A symbolic recognition of labor's new status was President Wilson's
visit to Buffalo in 1917 to address the annual AFL convention-the first
time a President had made such an appearance. In succeeding
Administrations most Presidents, Republican and Democratic alike, spoke
to the labor conventions.
One effort in which Gompers worked hard and successfully was for the
creation of the International Labor Organization, an inter-governmental
body headquartered in Geneva, with government, labor and employer
delegates and advisers, to discuss intentional problems directly
affecting workers and to seek the elevation of work standards and the
rights of workers in every country. The ILO was established under
the Treaty of Versailles that followed World War 1. Although the U.S.
Senate finally refused to ratify the treaty, the American labor movement
played an important role in ILO affairs beginning in 1934, and more
intensely after World War II when the ILO became a specialized
international agency of the United Nations.

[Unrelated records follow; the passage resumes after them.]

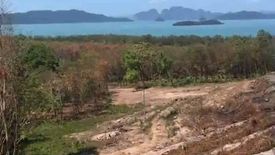 Land for sale in Ko Yao Noi, Phang Nga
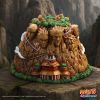 Naruto Hokage Rock Box 18.7cm Anime Naruto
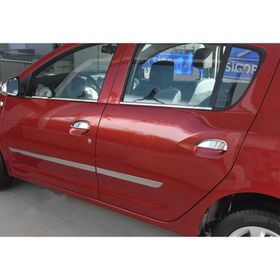 Renault Symbol 2013 Sonrası Cam Çıtası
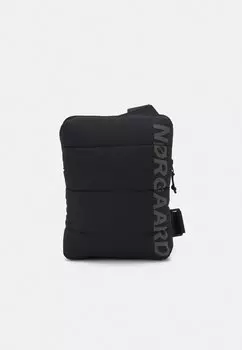 Сумка через плечо RECYCLE FENDOR CROSSBODY BAG Mads Nrgaard, цвет black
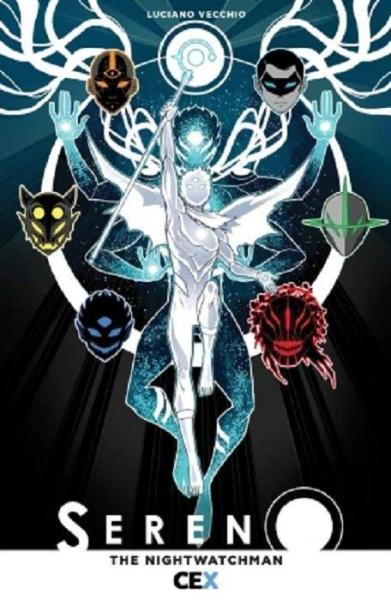 Sereno TPB 001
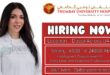 Thumbay University Hospital Careers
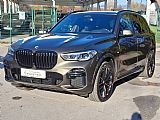 BMW serija X5: xDrive40d M LASER ALU22 360kamera 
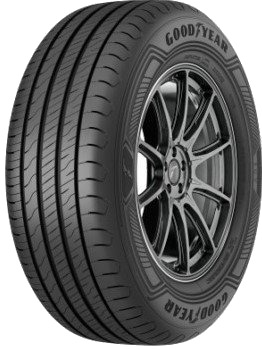 Goodyear EfficientGrip 2 SUV 235/60R18 103V Goodyear EfficientGrip 2 SUV 235/60R18 103V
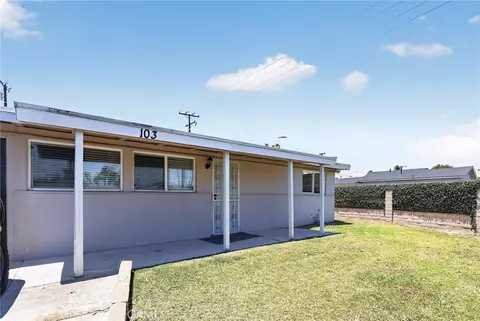 103 S Winton Ave, La Puente, CA 91744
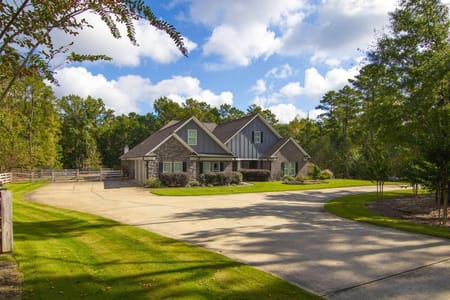 Waverly Hall, GA 31831 Harris County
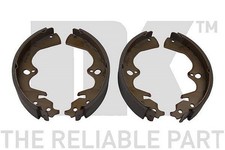 NK Bremsbackensatz Hinterachse für KIA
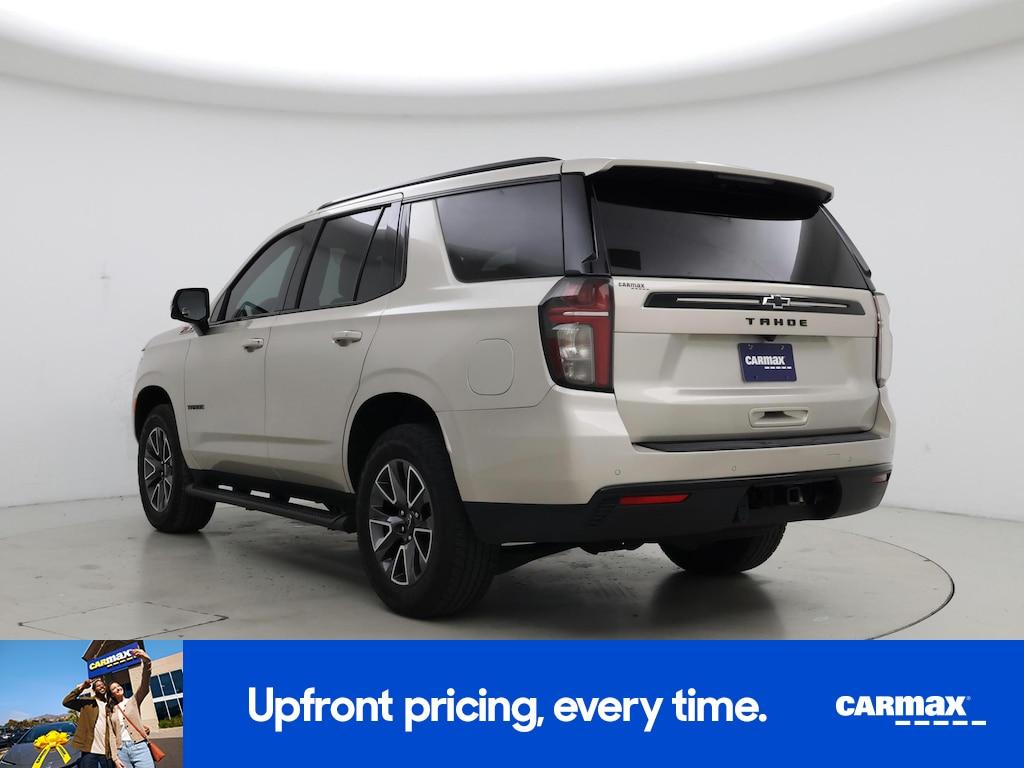 used 2023 Chevrolet Tahoe car, priced at $59,998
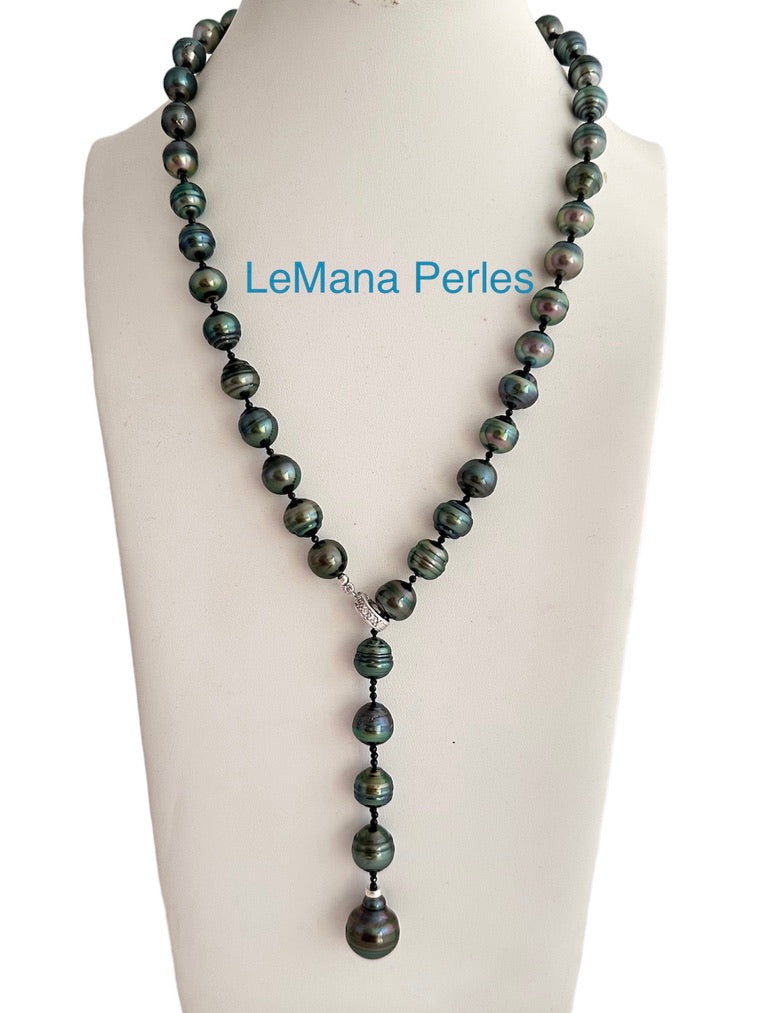 Manoa Strand Necklace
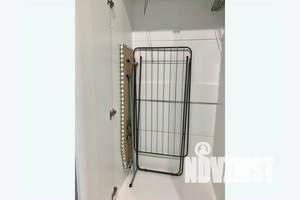 1-к квартира, посуточно, 35м2, 34/35 этаж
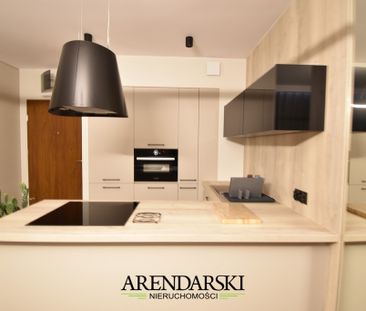 Apartament z miejscem postojowym blisko centrum - Photo 6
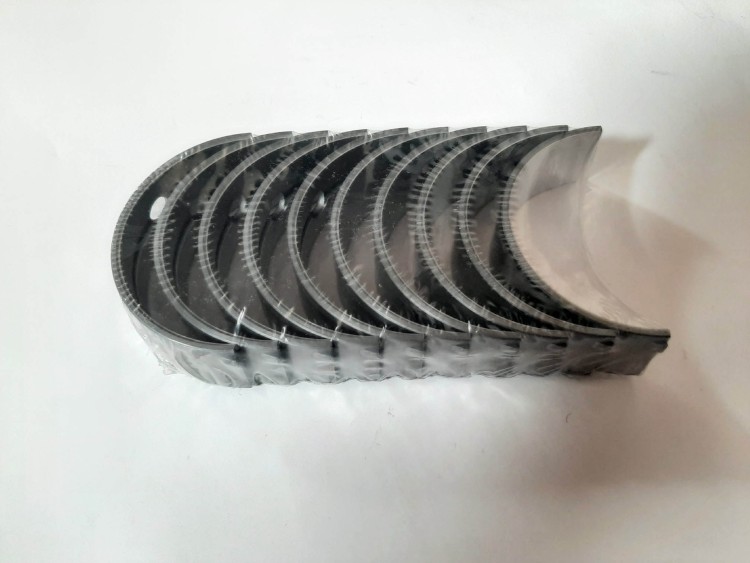 Komatsu 4D94 вкладыши коренные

During the years following World War 1, however, the labor movement
suffered setbacks and difficulties.
While AFL membership had reached almost four million by 1919, the
postwar reaction from employers and their allies was swift and
predictable. Elbert Gary, head of U.S. Steel (the company bestowed
his name on the Indiana city), refused to meet with striking
workers. The AFL endorsed and supported a strike of steel workers
committed to such objectives as the end of the 12-hour day, the
dismantlement of company-dominated "unions," collective
bargaining and wage increases. Using massive propaganda which sought to
depict the strike as "unpatriotic," plus such time-tested
favorites as
strikebreakers, spies, armed guards and cooperative police departments,
"Big Steel" finally wore down the strikers, and they were
forced to return to work early in 1920 under the old conditions.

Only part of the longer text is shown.